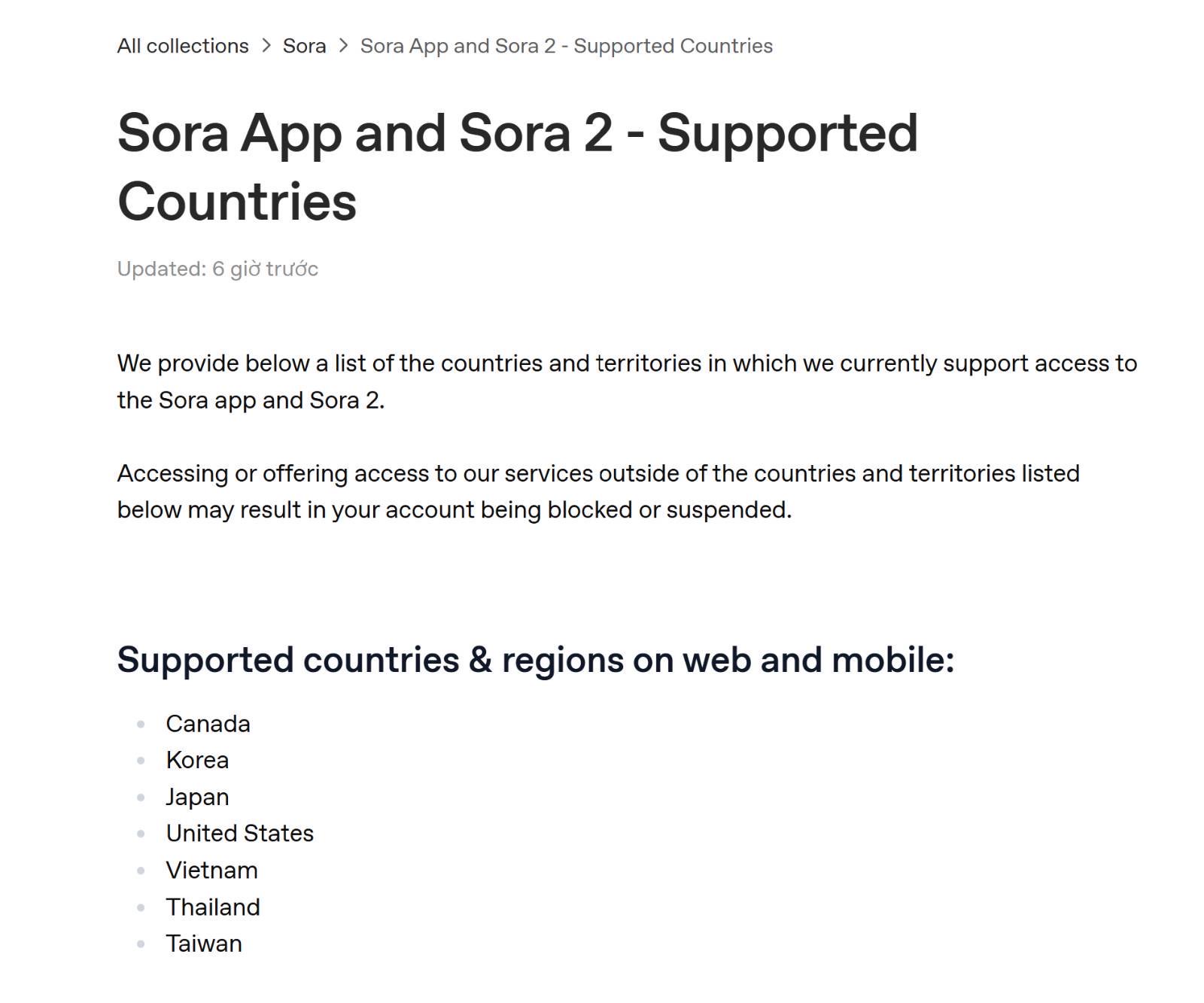 Công cụ Sora 2 của Open AI chính thức được triển khai tại Việt Nam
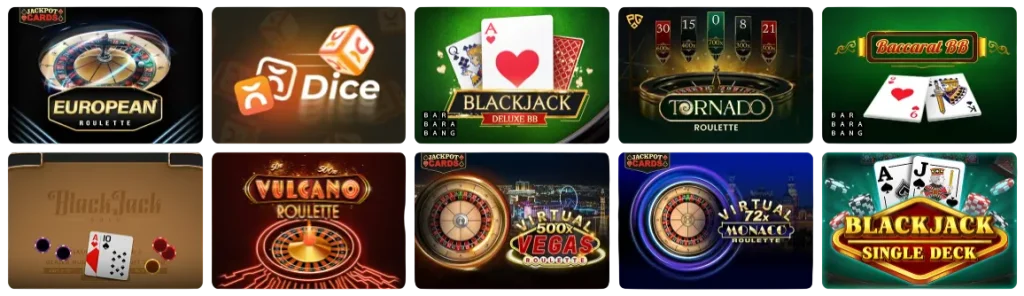 Jeux de table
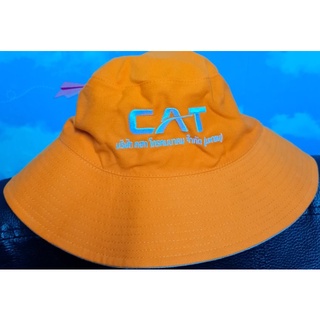 CAT หมวกบักเก็ตใส่ได้ 2 ด้าน ปัก  Cat Telecom Public Company Limited หมวกกันแดด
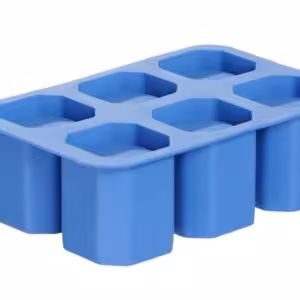 Moule à glaçons verre à shot,  BarUp,  Bleu - cuisine professionnel de qualité
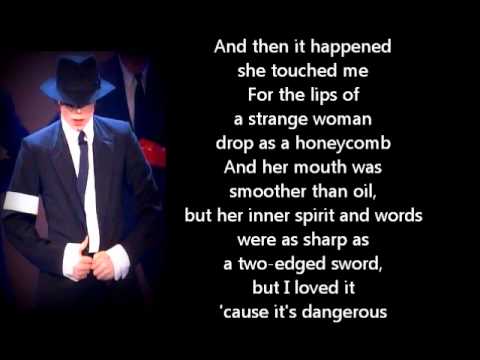 Michael Jackson - Dangerous (Lyrics)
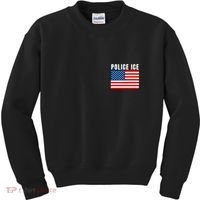 Police Ice  Us Immigration Agent Uniform Kids Sweatshirt thumb 0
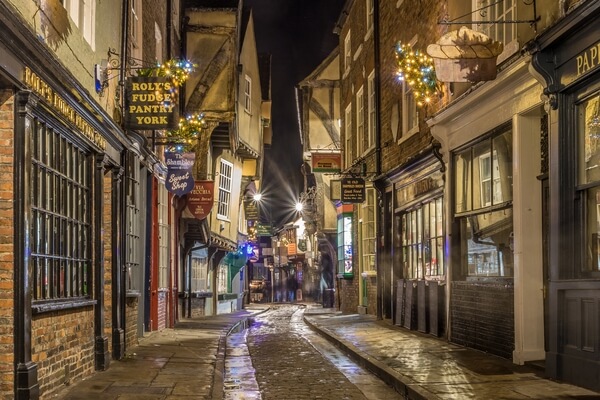 Night time in the Shambles 2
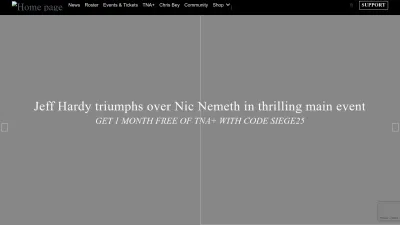 Screenshot of Tnawrestling.com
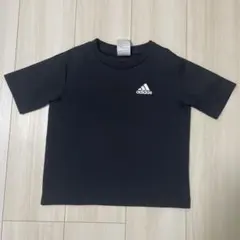 【美品】adidas キッズ Tシャツ 120cm ブラックのサムネイル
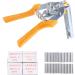 Qtynudy Type M Nail Ring Pliers Type M Nail Ring Pliers Type M Nail Ring Pliers Thickened for Manual Tying (M Nail +3000Clips) - Buy Online on GoSupps.com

### Description of the task:
Nothing but the lines from the line containing "Tシャツ 120cm ブラックのサムネイル" through the end of the data, both ends included, is to be reproduced, exactly as written and without the pictures.

### Answer for this exercise:
 【美品】adidas キッズ Tシャツ 120cm ブラックのサムネイル
 Qtynudy Type M Nail Ring Pliers Type M Nail Ring Pliers Type M Nail Ring Pliers Thickened for Manual Tying (M Nail +3000Clips) - Buy Online on GoSupps.com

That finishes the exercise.